Public School to Homeschool Questions
by Gaynell Williamson
Overwhelmed mom has some public school to homeschool questions and concerns...
Because of a cacophony of problems, my son is failing his sophomore year of school. He had surgery in December, and has taken a long time to recover. The school wants to hold him back. This is not an option for us. We were told he needed to go to an 'accredited' school in order to return to public school next year.

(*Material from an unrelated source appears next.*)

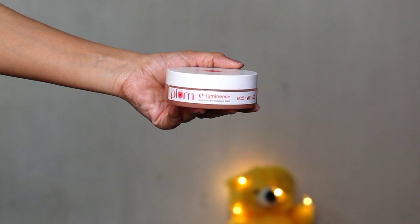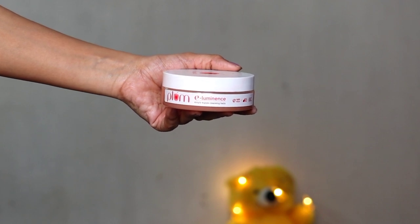Hi guys, welcome back to my channel, I am SHINee. Today I am going to share with you guys the Plum Illuminance Simple Cleansing Balm review. Many creators talk about this balm and I had to try it. Fortunately, when Plum had a buy one get one sale, they also sent me a PR kit which included the cleansing balm and some other products.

I already home school my middle son (14), who has Aspbergers. He is on a different path, and is happy to be at home. My problem is that I am disabled, my husband works almost 80 hours a week to keep a roof over our head, and I can't imagine the extra expense of A Beka. Are there any other options? I have an auto-immune disease that has destroyed my spine, and in August, I lost the ability to walk. I just mention that to let you know that our family has been under a tremendous amount of stress. I'm just desperate.
My son likes school, but he refuses to let them flunk him. If you look at his grades, the days he is at school, he has 100's. The day's he is absent, he has zero's, even though he was supposed to have a 'home bound' teacher ferrying his work back and forth.
I don't mind home schooling him, other than concern that he will be depressed, I'm worried about the 'accreditation' aspect of it.
For my Aspie, we just order a packet of books and work from there.
Sorry to ramble, I'm overwhelmed and frustrated.
Gay Nell Williamson Hi Gay,
Your son still has lots of time to complete his sophomore year at home. An affordable option is Alpha Omega LifePacs. AOP offers diagnostic tests that your son can take, so you will know exactly where he will be in their curriculum. This allows you to
only purchase the Lifepacs that he needs, saving you money and time. He has already completed four months or so of 10th grade - you don't need to purchase those worktexts if he has already mastered the work. AOP Lifepac curriculum (and Switched-on Schoolhouse software) is self-directed, which means your son can complete his work with minimal involvement from you.
Courses are written to the student, so they can work independently and don't have to rely on an adult or parent to teach them the lessons. You would oversee and monitor his work, etc. but it sounds like your son is self-motivated and I think he would do well.
I don't recommend AOP's math - I think there are better options available: Teaching Textbooks, TabletClass Math, etc. If your son does well in math, he will probably do well with any curriculum. One of my daughters did better in math when lessons were taught to her. When she was in high school, I had two young children and did not have time to teach her math lessons every day, so we used curriculum with video or online lessons.
Other resources and options to look at:
HippoCampus - offers free online courses for high school/college.
Khan Academy - https://www.khanacademy.org
Other free homeschool curriculum resources:
http://amblesideonline.org (Charlotte Mason curriculum)
Other parents may post other resources for you to check out. If you have any other questions, or need anything else, do not hesitate to ask!
P.S. Regarding your accreditation question, I am not sure what state you live in, so can't look up your homeschool laws and requirements. I have found that schools don't always know their state's homeschool laws and requirements; they may be requiring something that isn't stated in their laws. I would check your state's laws and, if different than what you were told, print out a copy for your son's school, should you decide to re-enroll him next year.